The Quiet Ones

The Quiet Ones
Photo by Rafael Garcin / Unsplash

Nobody is making a documentary about her.

She doesn’t have a podcast. She’s not building a personal brand. She has approximately 340 followers on Instagram, most of whom are relatives and one very enthusiastic former coworker named Dave.

But every single week, without announcement, without applause, without a single person telling her she’s doing an amazing job and to keep going —

She shows up.

Maybe she’s the woman at the school board meeting. The one who reads every agenda item, asks the uncomfortable question, and stays until the end even when the end is 10:47 p.m. and everyone else left at 9.

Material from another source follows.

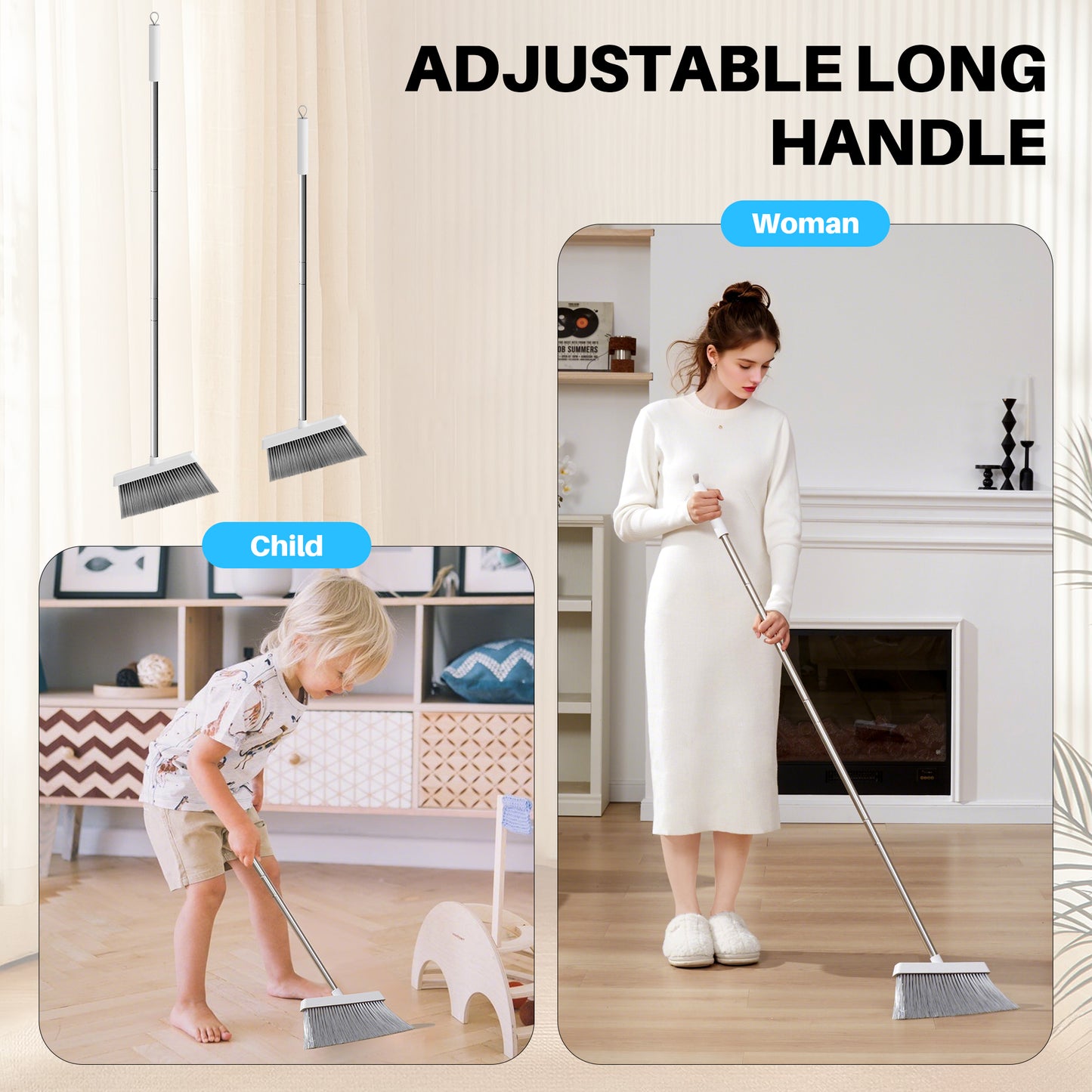Roll over image to zoom in       3+ JOYMOOP White Broom with Dustpan Combo Set, Upright Stand Up Broom with Built-in Comb Teeth, Angle Broom for Home Kitchen Office Lobby, Pet Hair and Hardwood Floor Sweeping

Maybe he’s the man who drives his elderly neighbor to chemotherapy every Thursday. Not because anyone asked. Not because he posted about it. Just because it needed doing and he was there.

Maybe they’re the one who keeps the community garden alive. Who writes the letters to the editor that may or may not get published. Who shows up to the protest even when the crowd is small and the cameras have gone home and it feels a little bit like shouting into a very indifferent wind.

The quiet ones.

We don’t talk about them enough.

And I think that’s worth noticing.

Because we live in a moment that rewards volume. That mistakes visibility for impact. That has somehow convinced us that if it isn’t documented, shared, liked, and algorithmically amplified —

Did it even happen?

It happened.

It is happening.

All around you, right now, in the unrecorded margins of daily life, people are doing the slow, unglamorous, deeply necessary work of holding things together.

Not heroically. Not dramatically. Not in a way that would make a compelling three-minute reel.

Just steadily.

Just quietly.

Just because they decided, at some point, that this was the kind of person they were going to be.

I think about this when the news gets heavy. When it feels like the loudest, most outrageous voices are winning. When cynicism starts to feel like the only rational response to a world that seems allergic to nuance and decency.

I think: somewhere right now, someone is making a meal for a stranger.

Someone is teaching a child to read.

Someone is sitting with a person who is dying and making sure they are not alone.

Someone is planting something they may never see bloom.

None of it is trending.

All of it is essential.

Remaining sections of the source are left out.